The years in the firefight wear down the hotshots from helmets to boots, says McIlhargie.
“My knees hurt every day,” he says. “My rotator cuffs are ratcheting and clicking from swinging tools and carrying canisters (used for explosives) and carrying saws and carrying your (rucksack) backpack.”
“Your freedom of movement in your hips is starting to decrease,” McIlhargie said.
More houses are on fire without enough hotshots
If vacant hotshot positions fail to be filled, firefighters interviewed by CNN said more houses will burn.
“It used to be hotshots for us to be in the mountains, in the hinterland to fight these fires,” said McIlhargie. “Now it seems that every single fire has an element of wild country fire and urban interface.”
Maeve Juarez spent a year as a Redding Hotshot in 2004.
The 41-year-old mother of two gave up her job with the US government as battalion chief in the Los Padres National Forest four years ago.
“I left because I took a better-paying job with the Montecito Fire Department that allowed me to spend more time with my children and be less stressed,” she said.
Juarez says the pay is significantly higher in her new role as Wildfire Specialist in Montecito.
Due to her experience, Juarez serves as the head of the fire department, a kind of general directorate of fire brigade troops of many authorities.
Juarez says the loss of hotshots, especially from supervisors, to other jobs is hampering California’s efforts to fight mega-fires.
“These superheroes know the terrain, what kind of scrub burns, and how an area burned in the past,” said Juarez. “They are a big part of our fire-fighting decision making, strategy and tactics.”
She added, “When a seasoned superintendent leaves, we lose that experience and they are our backbone.”
Hump remembers his heated decades, visions of firefights, falling trees, severely burned crew members and dying hotshots.
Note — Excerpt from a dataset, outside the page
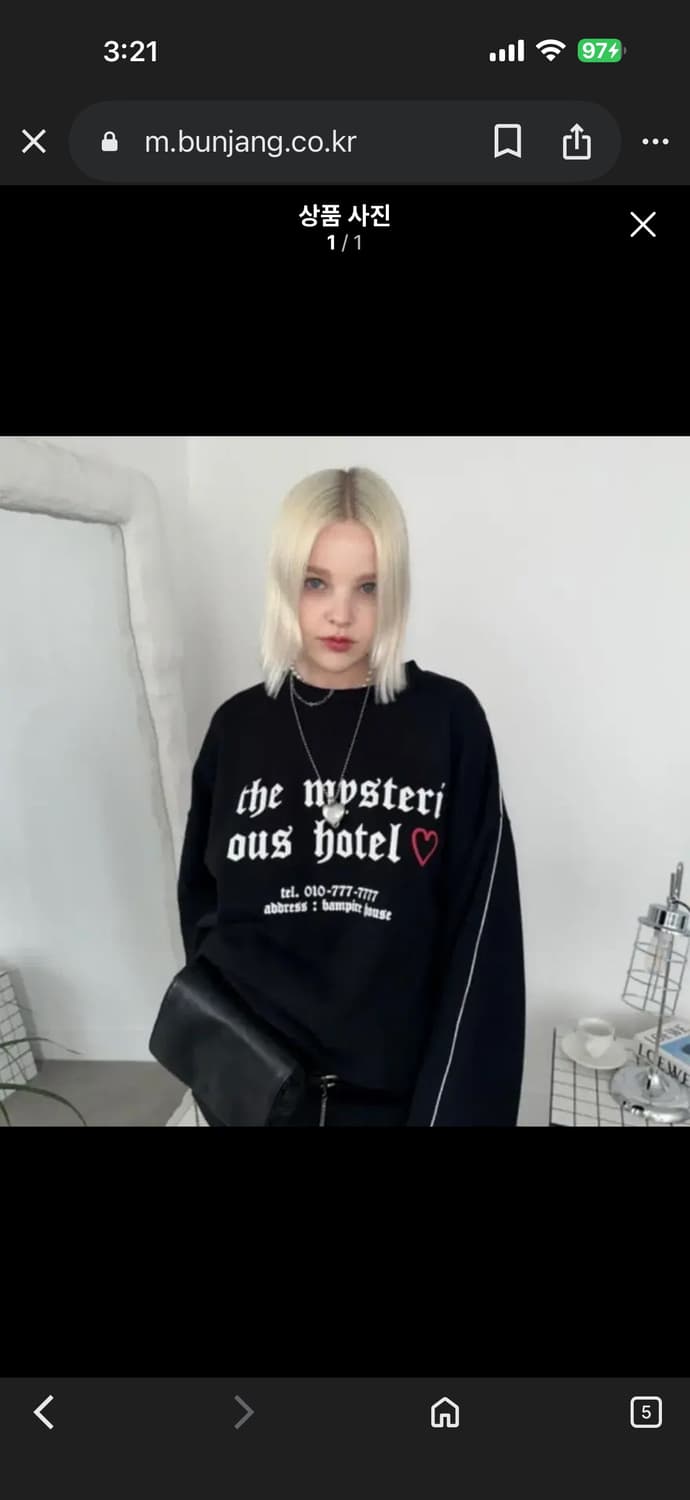 더미스테리어스호텔 맨투맨 상품이미지8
He helped set up a memorial service in Arizona for the 19 Granite Mountain Hotshots who were killed in a fire eight years ago.
“It’s that sense of doom that every fire makes you lose someone you care about,” said Hump. “It’s scary. It’s hard to communicate with your family because you don’t want to scare them. You just hug her and you never want to leave. “
After leaving the demise of that deadly fire tornado in 2018, Hump looks to this July 4th to do something he’s never done before.
“I plan to teach my children how to fish,” he said. “I never had the time.”